In a world overrun with data, the development of a critical eye is imperative. Every opinion and product seeks to draw attention to its cause. The quantification of phenomena in our world has become a phenomenon in itself. However, quantifying phenomena has its limitations and too often results in suppressing and obscuring information.  How, for example, can a single number represent an idea or an entire population within a context or activity? From measures of popularity and intelligence to differing interpretations of unemployment and poverty figures, the numbers rarely mean what they intend to convey. We are finally coming to terms with this idea when assigning letter grades for scholastic achievement. Negative consequences can too often result when quantifying students’ academic achievements. It is not simply the “number” or its numerical equivalent that is the problem, but how this “measurement” is interpreted, how it is used and what message it conveys. Good mathematics education strives to develop a critical eye able to discern an act of quantifying that goes beyond the use of numbers. Being able to critically approach how numbers are meant to represent societal measures, determine that consequences of different interpretations are more important than being able to do what the calculator can do.
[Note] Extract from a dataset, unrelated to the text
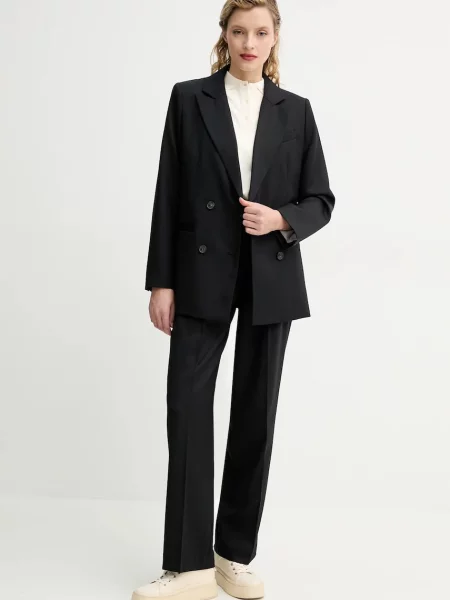 A.P.C. marynarka wełniana veste lucy dwurzędowa gładka czarny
More than just numbers and calculations, mathematics conceptually deals with notions of equality, of difference, of power. These are powerful mathematical concepts in addition to being political terms. The notion of the equal sign can itself initiate vigorous discussions about equality insofar as it shifts focus from the symbolic to the meaningful. Different conceptions of equality, such as equal opportunity or equitable outcomes, can lead to a productive discussion that encompasses the mathematical idea of equality possibly more than solving an equation. When the political and mathematical are brought together in discussion, students can relate and express their voice. They are provided the opportunity to ‘feel’ others’ experiences through the consideration of numbers and mathematical ideas.


Mathematics and social justice becomes less about calculations and performing algorithms and more inclusive of different modes of engagement making mathematics a more inclusive and accessible discipline. In the process of researching, and discussing, as well as challenging pre-conceived notions and grappling with differing perspectives, there is a direct communication and an immediacy that connects the student to the actuality of the world around them. Mathematics and social justice directly impact  how students see the world and they act in accordance with their new perspectives.  Social justice in mathematics is not an application. To suggest this would be to shift social justice to a position that exists outside the realm of mathematics. When students and teachers engage in “applying” mathematics to a social justice issue, they themselves feel like outsiders. That is, they are imposing a frame of reference upon a context without first contending with the method of quantifying the problem or by considering mathematical approaches. When approaching social justice issues in the classroom, mathematics instruction should be initially framed within a context. In this way, mathematics learning begins with a focus upon the meanings of the numbers and the outcomes of the operations. When numbers are treated as things to manipulate, students can get the wrong impression as to what mathematics is and what it is intended to achieve.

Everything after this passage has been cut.